Seller shall be excused from the performance of its obligations due to events beyond its reasonable control, including but not limited to, acts of God or a public enemy, acts of terror, governmental actions, labor unrest, riots, manufacturer inability or failure to supply, shortage of raw materials, the bankruptcy of any supplier. Returns must be approved by Seller in writing and are subject to restocking and transportation fees and time limitations. Any returned Goods must be in resalable condition, unopened and with the sale receipt or invoice. Custom orders, dedicated stock or specialty goods cannot be returned.
No waiver by Seller or default by Purchaser shall be deemed a waiver of any subsequent default. The invalidity, illegality, or unenforceability of any one or more provisions hereof shall in no way affect or impair the validity, legality, or enforceability of the remaining provisions hereof, which shall remain in full force and effect. Purchaser shall not assign any order or any interest therein without the prior written consent of Seller. Purchaser agrees to assume responsibility for, and if applicable, Purchaser hereby unconditionally guarantees payment of all purchases made by Purchaser subsidiaries and affiliates.
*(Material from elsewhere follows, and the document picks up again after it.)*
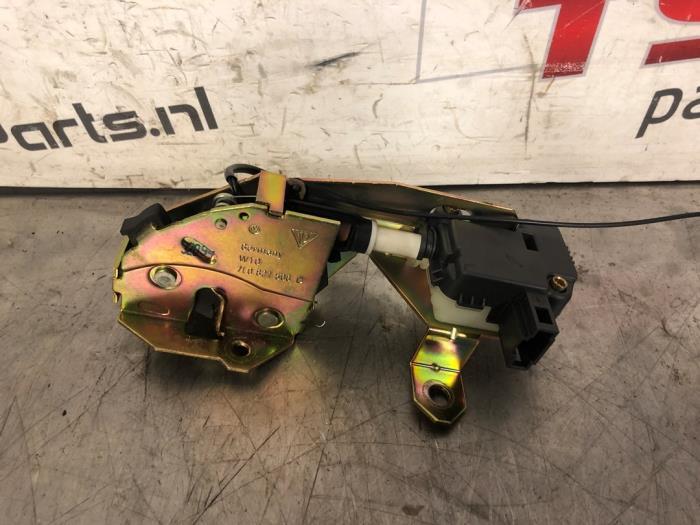 Mécanique de verrouillage hayon d'un Volkswagen Touareg, Volkswagen, -, 3 mois de garantie, Utilisé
These Terms shall be construed and interpreted according to the laws of the State of Florida without reference to conflicts of law provisions. The parties hereby irrevocably consent to the exclusive jurisdiction of the state and federal courts situated in Miami-Dade County, Florida. The parties expressly exclude application of the United Nations Convention on the International Sale of Goods. EACH PARTY HEREBY WAIVES ITS RESPECTIVE RIGHT TO A JURY TRIAL OF ANY CLAIMS ARISING FROM OR RELATED TO THESE TERMS, ORDERS OR GOODS OR SERVICES PROVIDED HEREUNDER.